Zhou, söz konusu güncellemenin ABD’nin dünya sahnesindeki konumlanışında yeni bir dönemin başlangıcı olarak yorumlanabileceğini belirtti. Uzun süredir küresel düzeni şekillendirme iddiasında bulunan Washington’un, artık bu rolü daha temkinli ve sınırlı bir perspektifle ele aldığını ifade eden Zhou, bu yaklaşımın özellikle iç politikada artan ekonomik baskılar, bölgesel çatışmalar ve uluslararası maliyetlerin ağırlığından kaynaklandığını söyledi.
Uzman, stratejideki bu dönüşümün, eski ABD Başkanı Donald Trump döneminde sıkça gündeme gelen Monroe Doktrinine benzer bir dış politika çizgisini çağrıştırdığını vurguladı. Ona göre bu, ABD’nin küresel müdahalecilikten ziyade kendi ekonomik ve jeopolitik çıkarlarını daha dar bir çerçevede korumaya yöneldiğini gösteriyor.
Çin’e yönelik söylem yumuşadı
Zhou, yeni Ulusal Güvenlik Stratejisi’nin en dikkat çekici yönlerinden birinin ABD’nin Çin’e yönelik tutumundaki değişim olduğunu belirtti. Daha önce raporlarda “en ciddi jeopolitik tehdit”, “birinci derece ulusal güvenlik riski” gibi sert ifadelerle tanımlanan Çin, bu kez daha ölçülü bir dille ele alındı.
Yeni stratejide Çin, “ABD’nin ekonomik geleceği için başlıca rakip” olarak nitelendiriliyor ve Washington’un önceliğinin askeri gerilimleri tırmandırmak yerine ekonomik rekabette üstünlük sağlamak olduğu belirtiliyor. Zhou’ya göre bu dil değişimi, her iki ülke arasında uzun süredir devam eden tansiyonun düşürülmesi açısından önemli bir işaret.

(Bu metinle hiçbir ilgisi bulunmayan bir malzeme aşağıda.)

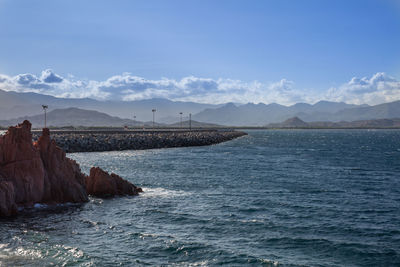 Sardinia coastline- rocks and cliffs near sea and tourists- italy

“ABD ticaret savaşıyla sonuç alamadığını anladı”
Zhou Chengyang ayrıca ABD’nin son yıllarda uyguladığı ticaret savaşları, gümrük vergileri ve Çinli şirketlere yönelik yaptırımların beklenen etkiyi yaratmadığını fark ettiğini söyledi. Washington’un bu yöntemlerle Çin’in ekonomik büyümesini durduramayacağını anladığını ifade eden Zhou, ABD’nin yeni stratejisinin bu gerçeklik üzerine inşa edildiğini belirtti.

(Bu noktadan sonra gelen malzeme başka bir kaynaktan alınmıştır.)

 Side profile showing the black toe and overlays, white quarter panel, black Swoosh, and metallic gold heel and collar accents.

Uzman, uzun vadeli ve kapsamlı bir Çin-ABD çatışmasının maliyetlerinin her iki ülke için de son derece yüksek olacağını, ancak özellikle ABD’nin böyle bir yükü taşımakta zorlanacağını vurguladı. Bu nedenle Washington’un stratejisini, doğrudan konfrontasyondan ziyade ekonomik, teknolojik ve endüstriyel rekabet temelinde şekillendirmeye yöneldiğini söyledi.
Küresel dengeler değişiyor
Zhou’ya göre ABD’nin stratejisindeki bu değişim yalnızca iki ülke arasındaki ilişkileri değil, aynı zamanda küresel jeopolitik dengeleri de yakından ilgilendiriyor. Washington’un hegemonik rolünü yeniden tanımlaması, uluslararası ilişkilerde daha çok kutuplu bir yapının ortaya çıkmasını hızlandırabilir.
Çinli uzman, bu dönüşümün ilerleyen dönemde ABD’nin Asya-Pasifik politikalarından NATO içindeki pozisyonuna, ekonomik ittifaklardan teknoloji savaşlarına kadar birçok başlıkta yeni denklemlerin oluşmasına yol açabileceğini belirtti.